A letter from the president of the Mecklenburg County Tuberculosis and Health Association indicates that the Department of Commerce had recently announced that census tracts had been approved by Charlotte and Mecklenburg County, a tremendous step forward. The Planning Commission could study the population more effectively and could provide guidance to merchants on the exact population composition of a very limited area, with predictions of how the small area would develop. Churches could take an informed look at their immediate area and health agencies could study their problems in such small areas. Utilities could plan their present and projected needs with great accuracy. He indicates that there were other major steps to be taken as maps had to be prepared for use in taking census at some cost and the tracts had to be used by various agencies, especially public utilities, for them to become dynamic instruments for planning the future.

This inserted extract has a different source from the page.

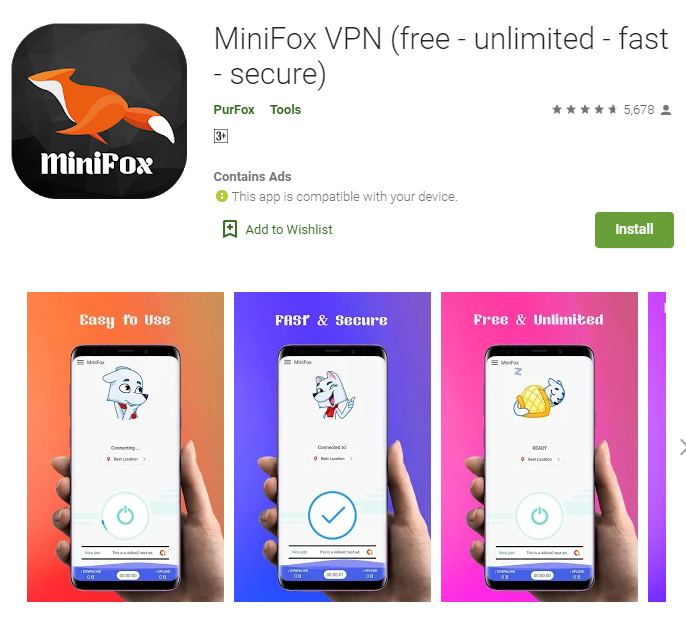 Get It Download Minifox Vpn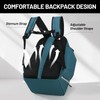 MIER Basketball Backpack Bags Sports Gym Backpacks with Shoe Compartment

The Planning Commission, the Chamber of Commerce and other interested agencies and people continued to need help and support on that project.
A letter writer from Salisbury indicates that each parent ought try to obtain all of the good ideas which they could into the minds and feelings of their children, and that ideas tended to expand and grow when they had been planned in the right way in the thoughts and souls of children. But, he indicates, ideas had to be presented and understood if they were to bring forth the fruit which was expected. Great books were built of great ideas, emotions and thoughts, which was why people should read all types of good books so that there could be a mind which was a "running stream" for the children from which to drink.
But what if the stream has been polluted upstream by those not minding too much the waste matter which they inject into it? The stream metaphor thus seems to us not entirely apt.